GenomeProtSC: an integrated proteogenomics analysis platform for long-read single-cell data

Contents

• Installation
• General usage
  • Generate database
  • Proteomics
  • Integration
  • Visualisation
• Detailed input and output descriptions
  • Generate database
  • Proteomics
  • Integration
  • Visualisation

Installation

Note: Option 1 and 2 are under development and not yet available.

Option 1 (recommended): Run the shiny application with Docker

Make sure you have Docker installed and the application running in the background before you begin.

Open your terminal application and run:

docker run --rm -p 3838:3838 josieg/genomeprotsc:v1

This will take approximately 10-20 minutes to download the Docker image the first time the app is run. The --rm removes the container after it’s stopped and the -p 3838:3838 maps your local port 3838 to the same port inside the container.

To access the local shiny application, navigate to this link on your web browser http://0.0.0.0:3838.

You can now upload all files and run the steps in your web browser. Although the app is running through a web browser, no files are being uploaded to the internet and everything will be run locally.
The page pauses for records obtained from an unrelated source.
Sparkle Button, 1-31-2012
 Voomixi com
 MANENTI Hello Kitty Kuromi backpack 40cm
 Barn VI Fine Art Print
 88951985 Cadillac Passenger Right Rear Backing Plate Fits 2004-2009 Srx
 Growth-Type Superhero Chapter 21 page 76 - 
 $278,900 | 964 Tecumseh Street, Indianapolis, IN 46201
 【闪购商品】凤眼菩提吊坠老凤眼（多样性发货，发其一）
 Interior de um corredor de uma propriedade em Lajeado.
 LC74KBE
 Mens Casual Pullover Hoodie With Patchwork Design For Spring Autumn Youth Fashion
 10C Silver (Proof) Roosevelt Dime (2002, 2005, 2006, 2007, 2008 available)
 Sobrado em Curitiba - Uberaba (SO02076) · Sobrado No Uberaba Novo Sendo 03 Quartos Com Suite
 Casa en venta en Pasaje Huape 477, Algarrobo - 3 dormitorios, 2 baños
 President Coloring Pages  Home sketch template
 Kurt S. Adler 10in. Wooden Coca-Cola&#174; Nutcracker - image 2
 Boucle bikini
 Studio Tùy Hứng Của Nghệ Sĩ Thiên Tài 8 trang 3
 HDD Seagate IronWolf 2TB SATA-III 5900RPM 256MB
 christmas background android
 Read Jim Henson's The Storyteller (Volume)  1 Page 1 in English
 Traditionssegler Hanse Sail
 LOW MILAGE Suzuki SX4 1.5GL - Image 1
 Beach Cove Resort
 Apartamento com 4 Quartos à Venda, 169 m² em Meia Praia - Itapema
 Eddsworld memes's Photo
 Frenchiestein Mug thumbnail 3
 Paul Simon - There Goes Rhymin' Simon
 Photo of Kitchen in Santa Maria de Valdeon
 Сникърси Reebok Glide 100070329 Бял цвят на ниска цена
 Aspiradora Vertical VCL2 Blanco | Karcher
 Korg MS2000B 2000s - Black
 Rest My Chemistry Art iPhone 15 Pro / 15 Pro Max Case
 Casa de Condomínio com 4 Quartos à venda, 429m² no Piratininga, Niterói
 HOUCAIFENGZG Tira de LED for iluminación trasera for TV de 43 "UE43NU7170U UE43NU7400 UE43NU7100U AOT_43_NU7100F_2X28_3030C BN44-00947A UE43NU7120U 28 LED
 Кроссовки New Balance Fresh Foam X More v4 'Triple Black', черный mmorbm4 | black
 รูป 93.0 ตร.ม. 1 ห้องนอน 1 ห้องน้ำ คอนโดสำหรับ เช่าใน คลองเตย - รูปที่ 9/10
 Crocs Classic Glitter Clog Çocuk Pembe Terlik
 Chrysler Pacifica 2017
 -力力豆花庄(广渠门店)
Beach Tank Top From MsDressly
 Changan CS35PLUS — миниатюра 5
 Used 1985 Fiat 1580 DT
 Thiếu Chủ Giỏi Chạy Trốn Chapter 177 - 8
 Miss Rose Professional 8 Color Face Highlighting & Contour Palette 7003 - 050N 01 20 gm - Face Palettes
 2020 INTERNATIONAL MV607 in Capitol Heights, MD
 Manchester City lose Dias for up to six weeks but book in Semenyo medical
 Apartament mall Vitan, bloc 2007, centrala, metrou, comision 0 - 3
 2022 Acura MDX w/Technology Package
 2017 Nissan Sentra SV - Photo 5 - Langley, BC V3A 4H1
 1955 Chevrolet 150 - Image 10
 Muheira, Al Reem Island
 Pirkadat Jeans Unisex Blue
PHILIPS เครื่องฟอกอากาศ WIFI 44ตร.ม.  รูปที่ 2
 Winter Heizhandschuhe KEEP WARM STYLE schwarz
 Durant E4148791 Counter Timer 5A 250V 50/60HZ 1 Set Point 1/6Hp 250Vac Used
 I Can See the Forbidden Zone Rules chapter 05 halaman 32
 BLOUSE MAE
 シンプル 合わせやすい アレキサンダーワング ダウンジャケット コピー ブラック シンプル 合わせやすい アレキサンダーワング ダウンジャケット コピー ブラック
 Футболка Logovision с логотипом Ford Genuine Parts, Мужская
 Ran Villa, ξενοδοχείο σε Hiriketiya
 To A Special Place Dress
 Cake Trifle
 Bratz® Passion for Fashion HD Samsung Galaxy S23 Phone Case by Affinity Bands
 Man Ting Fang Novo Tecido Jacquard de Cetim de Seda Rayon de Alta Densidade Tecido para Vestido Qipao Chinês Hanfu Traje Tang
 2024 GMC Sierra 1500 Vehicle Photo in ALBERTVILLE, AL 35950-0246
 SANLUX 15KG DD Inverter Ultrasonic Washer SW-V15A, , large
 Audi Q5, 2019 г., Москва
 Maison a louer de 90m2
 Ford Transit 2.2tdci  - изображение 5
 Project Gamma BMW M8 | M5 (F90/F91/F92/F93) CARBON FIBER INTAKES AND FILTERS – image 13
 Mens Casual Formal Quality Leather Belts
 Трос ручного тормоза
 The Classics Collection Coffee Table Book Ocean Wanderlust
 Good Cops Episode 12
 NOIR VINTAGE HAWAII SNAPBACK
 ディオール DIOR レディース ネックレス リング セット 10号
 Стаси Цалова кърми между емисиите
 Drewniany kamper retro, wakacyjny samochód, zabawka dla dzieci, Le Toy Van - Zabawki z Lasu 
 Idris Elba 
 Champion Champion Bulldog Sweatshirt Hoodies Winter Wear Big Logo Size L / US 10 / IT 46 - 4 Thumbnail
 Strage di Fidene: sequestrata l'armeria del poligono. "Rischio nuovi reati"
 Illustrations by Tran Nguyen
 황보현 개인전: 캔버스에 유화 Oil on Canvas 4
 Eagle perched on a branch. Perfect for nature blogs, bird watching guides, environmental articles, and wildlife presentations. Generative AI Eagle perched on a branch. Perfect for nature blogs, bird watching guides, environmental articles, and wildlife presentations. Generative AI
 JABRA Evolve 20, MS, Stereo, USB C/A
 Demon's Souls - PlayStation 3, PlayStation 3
To stop the container, close the web browser tab and head back to the terminal where Docker is running and press ctrl+c.

Option 2 (recommmended for downstream analysis only): Access GenomeProtSC online

https://genomeprotSC.researchsoftware.unimelb.edu.au/

Option 3: Locally install the shiny application

The application has substantial dependencies.

Clone this repository:

git clone https://github.com/josiegleeson/GenomeProtSC.git

Unzip the uniprot+openprot reference file in the GenomeProtSC/data directory.

cd GenomeProtSC/data
unzip openprot_uniprotDb_hs.txt.zip
unzip *

Place the reference genome FASTA in the GenomeProtSC/refs directory and re-name (human.fa or mouse.fa).

cd GenomeProtSC/refs
cp human.reference.genome.fa .
mv human.reference.genome.fa human.fa

General usage

GenomeProtSC is an integrated proteogenomics platform with four modules: 1) database generation, 2) proteomics (under development), 3) integration, and 4) visualisation.

1. Generate database

The first module processes long-read single-cell data with FLAMES and generates a custom proteome database to perform proteomics searches. The module accepts RNA sequencing FASTQ files from 10X single-cell long-read sequencing. The main output from this module is the results from FLAMES (single-cell transcriptomics), a FASTA file with candidate protein sequences and a metadata file with details of each candidate protein.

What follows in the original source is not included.